▶ Exercise prompt: Please transcribe only the lines from the one holding "Fém tábla Winchester Horse 32 cm x 40 cm" through the final line of the data, both included, with no pictures.

[Scraped caption text data]

┌────────

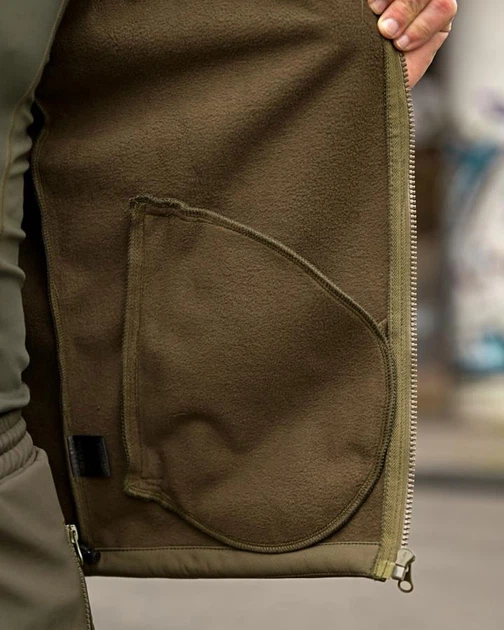 Костюм Oblivion Softshell Куртка на флісі + Штани олива розмір 2XL - изображение 6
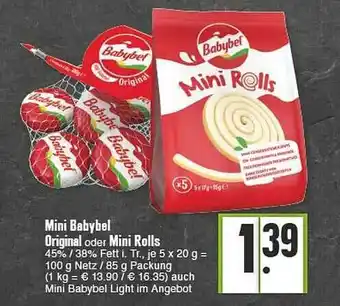 E-Center Mini Babybel Original Oder Mini Rolls Angebot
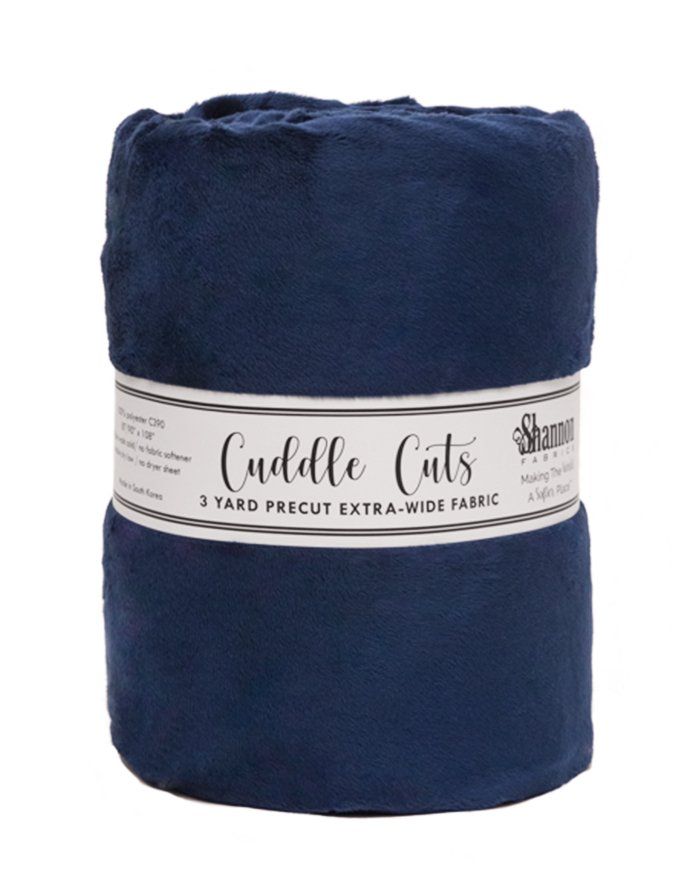 3 yd 90" Cuddle Cuts Navy Shannon Fabrics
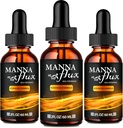 Manna flux Drops, Mannaflux Dukung Cair Drops - Maximum Power, Manna Flux Health & Wellness Drops, Mannaflux All Natural Formula, Manna Flux Liid Drops Review (3 Pack)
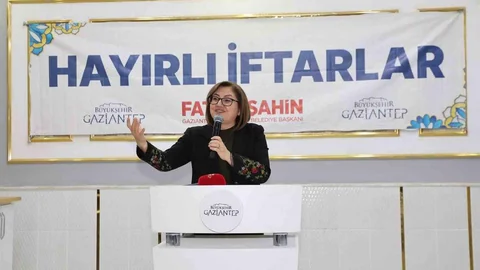 Gaziantep İslahiye'de Ramazan Sofrası Kuruldu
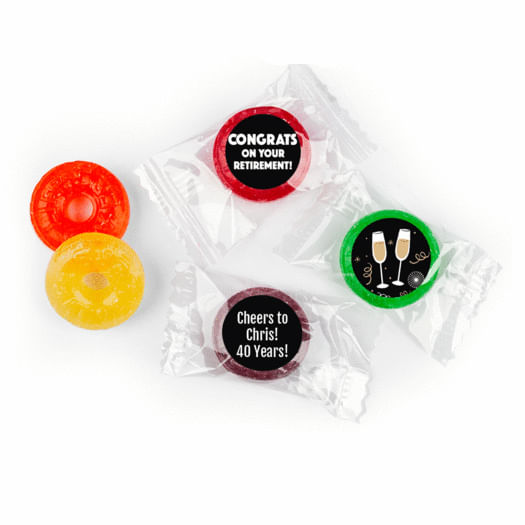 Personalized Bonnie Marcus Collection Retirement Cheers LifeSavers 5 Flavor Hard Candy (300 Pack)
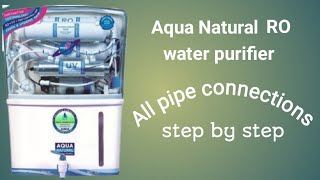 Aqua Natural RO Water Purifier: Complete Pipe Connection Guide screenshot 4
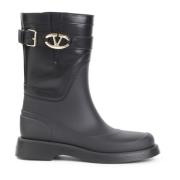 Gedurfde Rainboot VLogo Editie Valentino Garavani , Black , Dames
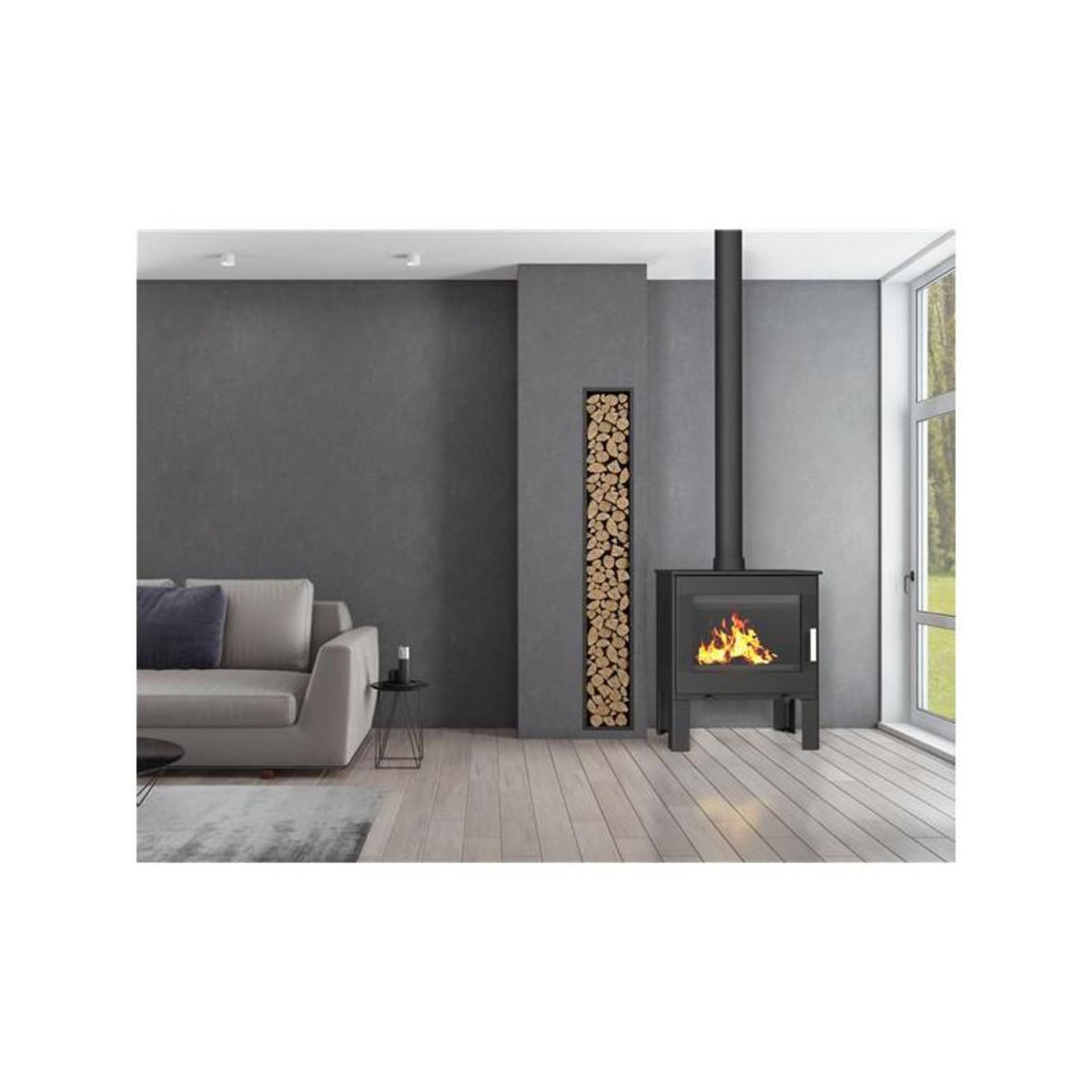 Supra Poêle à bois fonte 8.7kw noir - FR9016140B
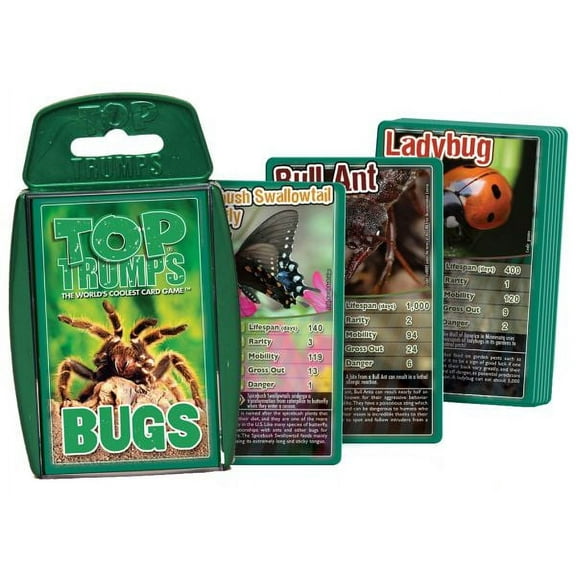 Top Trumps Card Game - Bugs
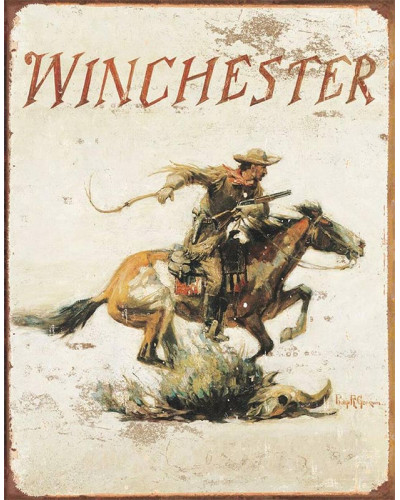 Fém tábla Winchester Horse 32 cm x 40 cm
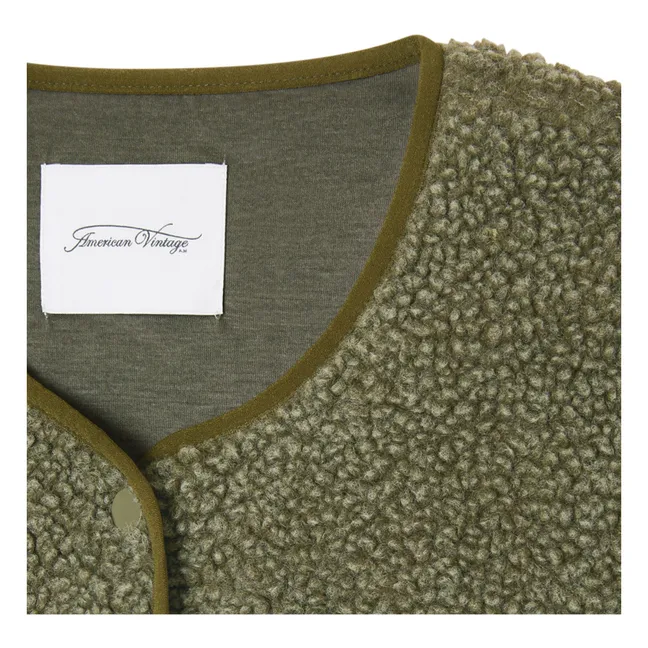 Hoktown Sleeveless Jacket | Marled khaki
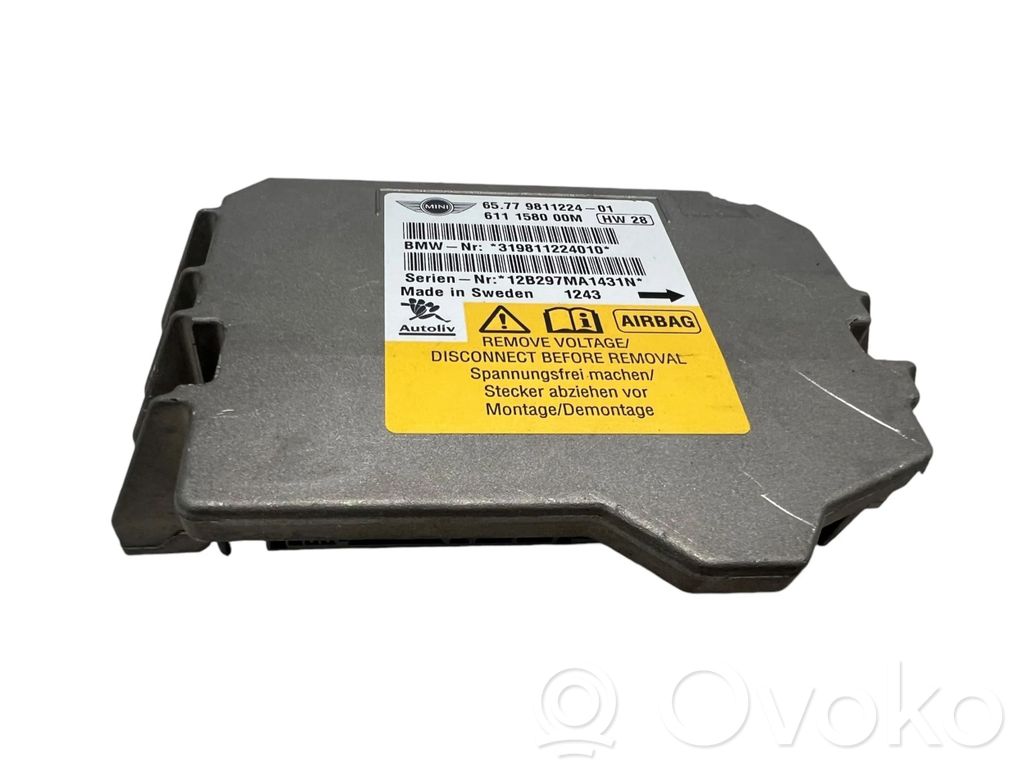 Mini Cooper Countryman R60 Airbag control unit/module 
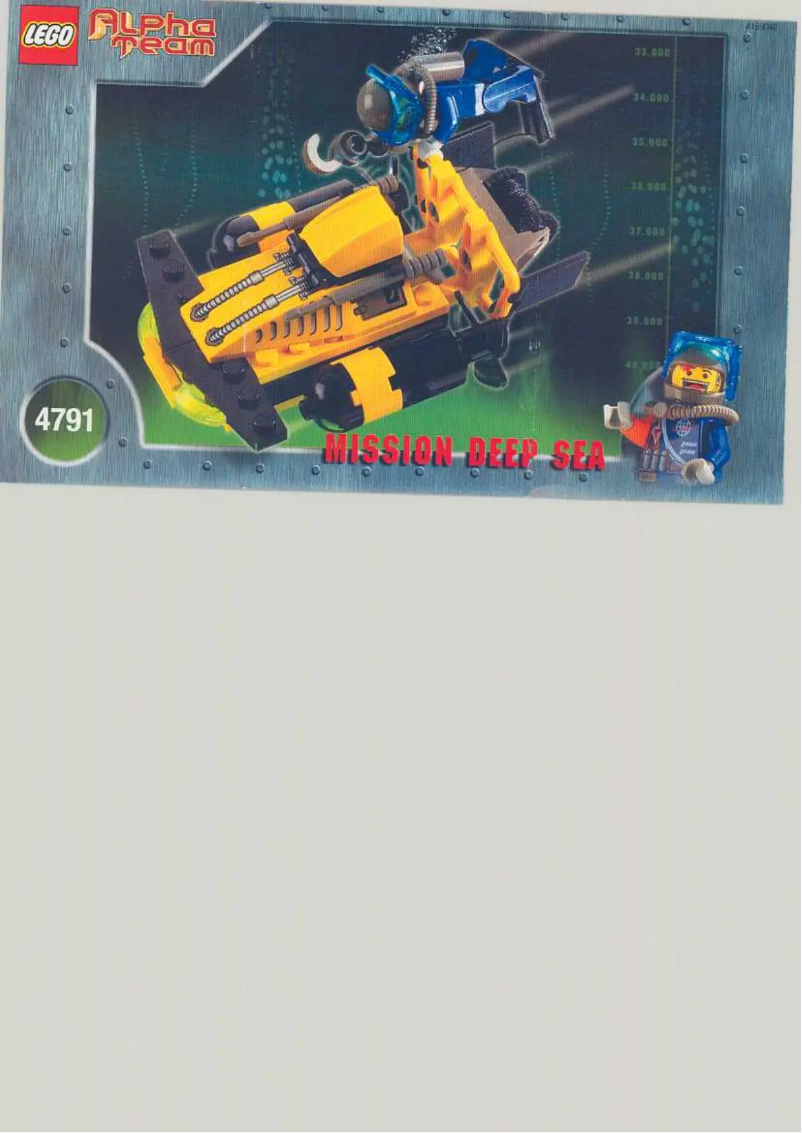 Page 1 de la notice Manuel utilisateur Lego Alpha Team Sub Scooter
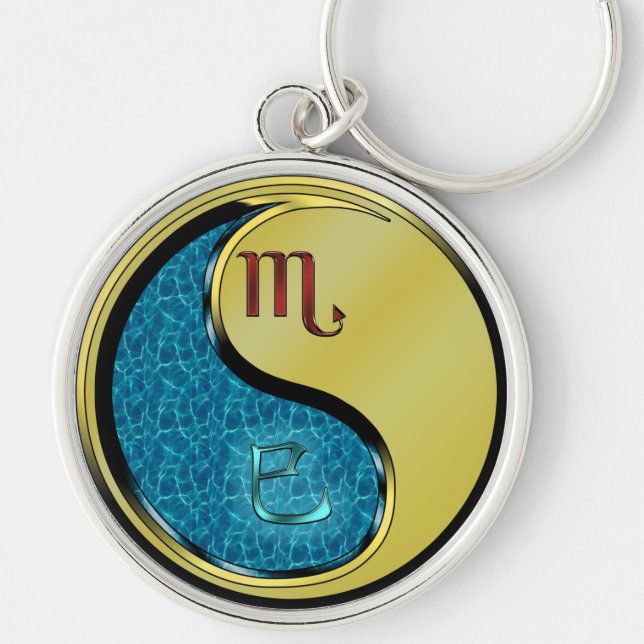 Chaveiro Scorpio e Cobra de metal (Frente)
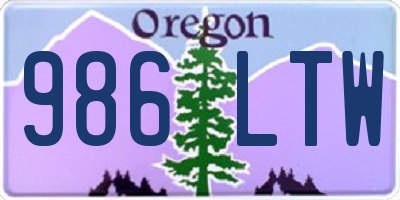 OR license plate 986LTW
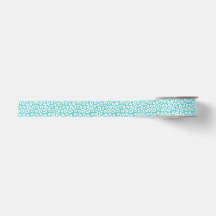 Turquoise Blue Leopard Cheetah Print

└────────

▶ Written solution:
 Fém tábla Winchester Horse 32 cm x 40 cm
 Hoktown Sleeveless Jacket | Marled khaki
 Mini Cooper Countryman R60 Airbag control unit/module 
 Page 1 de la notice Manuel utilisateur Lego Alpha Team Sub Scooter
 Chaveiro Scorpio e Cobra de metal (Frente)
 OR license plate 986LTW
 Turquoise Blue Leopard Cheetah Print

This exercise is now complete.